Jeff Beck still hasn’t put out a new album since Emotion and Commotion in 2010, but his latest concert recording offers a taste of where he’s at creatively with the inclusion of some original material. John Oates, on the other hand, reclaimed a bit of the spotlight after a lengthy period of collaboration.

Meanwhile, a new Yes project ended up — in the wake of some sobering news about stalwart Chris Squire’s health — far more than what was promised. Initially, Like It Is: Yes at the Mesa Arts Center was seen as the live-album debut of current frontman Jon Davison. It’s since become a torrid reminder of Squire’s bass-playing brilliance.

We returned to an apex for Emerson Lake and Palmer, while offering a final goodbye to the Knack, a one-hit wonder that should have been anything but.

We explored an often-ignored period in the career of leading soul-jazz light Les McCann, even as we were blessed with reissues that offered fuller appreciations of key moments for both the Staple Singers and for Lead Belly.

Gov’t Mule took an opportunity on stage to both pay tribute to Pink Floyd, and to bravely recast their music during a period of loss for one of the era’s most inventive blues-based jam bands.

Then there was an expanded version of the Rolling Stones’ Sticky Fingers, which shown a bright light on an album we continue to rank among their two or three very best. See how they call fared as we kick off Nick DeRiso’s Mid-Year Best of 2015 list for reissues and concert recordings.

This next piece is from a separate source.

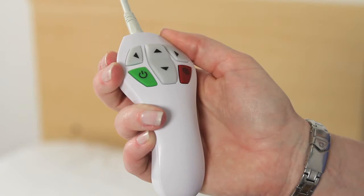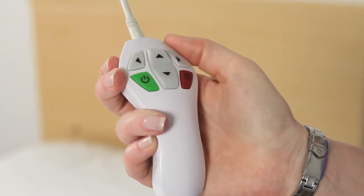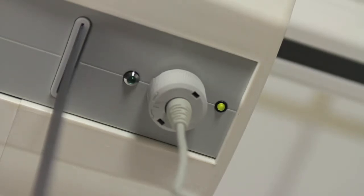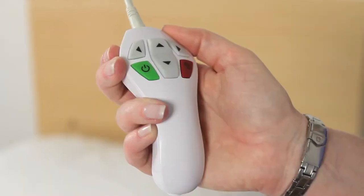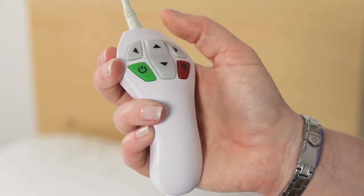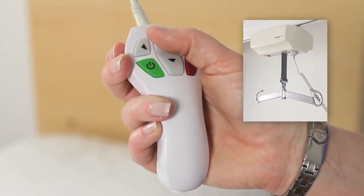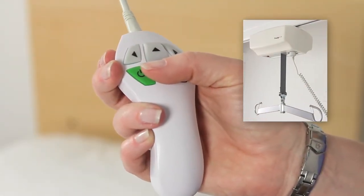The RITA hand control has four buttons. The green button is for activating the lift. When the green button is pressed, a green light will signify that the RITA is on and ready to operate. Note: the lift will not operate unless the green button is pressed and the green light is on. The red button turns the lift off. The other two buttons are used to move the lift up or down. To lift, press the up button. The lift will only move as long as you press the button. To lower the lift, press the down button. Motion stops when the button is released.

No. 10: JEFF BECK – LIVE+ (LIVE): A concert recording that touched on a variety of Jeff Beck’s career highlights — including a scorching take on “Going Down,” originally found on 1972’s Jeff Beck Group album — also, importantly, made room for some new stuff. After all, Beck hasn’t released an album of original music in five years, even while issuing a whopping five concert recordings since 2008. That makes a moment like “Tribal,” this scroungy update of the typical blues-rocking Beck song, crackle with expectation. At the same time, Jeff Beck’s new updates on this Mid-Year Best of 2015 entry offer brilliantly muscular reinventions of songs that were, of course, pretty damned perfect in the first place.

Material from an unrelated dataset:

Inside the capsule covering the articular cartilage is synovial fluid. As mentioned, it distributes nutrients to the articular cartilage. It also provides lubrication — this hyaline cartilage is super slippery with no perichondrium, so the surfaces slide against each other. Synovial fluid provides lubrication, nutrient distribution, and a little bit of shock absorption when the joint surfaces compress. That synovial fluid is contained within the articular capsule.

No. 9: EMERSON LAKE AND PALMER – TRILOGY (REISSUE): Trilogy, the third studio effort from Emerson Lake and Palmer, was a brilliant mix of multi-sectioned long-form compositions with punchier more digestible rock songs. In many ways, Keith Emerson, Greg Lake and Carl Palmer were in the right place at the right time. They arguably gathered as a threesome while peaking creatively. The marketplace was hungry for the kind of spectacular flights of musical fancy that ELP would eventually come to personify. In keeping, this Lake-produced project remains ELP’s best-ever charting U.S. release.

No. 8: YES – LIKE IT IS: YES AT THE MESA ARTS CENTER (LIVE): Most of the focus, fair or not, with Yes’ first concert project with Jon Davison was be on the singer. He, of course, played a major role in their most recent studio effort, but is only just now being included on Yes’ live recordings. There was, however, a lot more to Like It Is: Yes at the Mesa Arts Center, as the bracing news of bassist Chris Squire’s serious illness continues to reverberate. The project gave us another intriguing opportunity to fully explore Squire’s genius at the bass.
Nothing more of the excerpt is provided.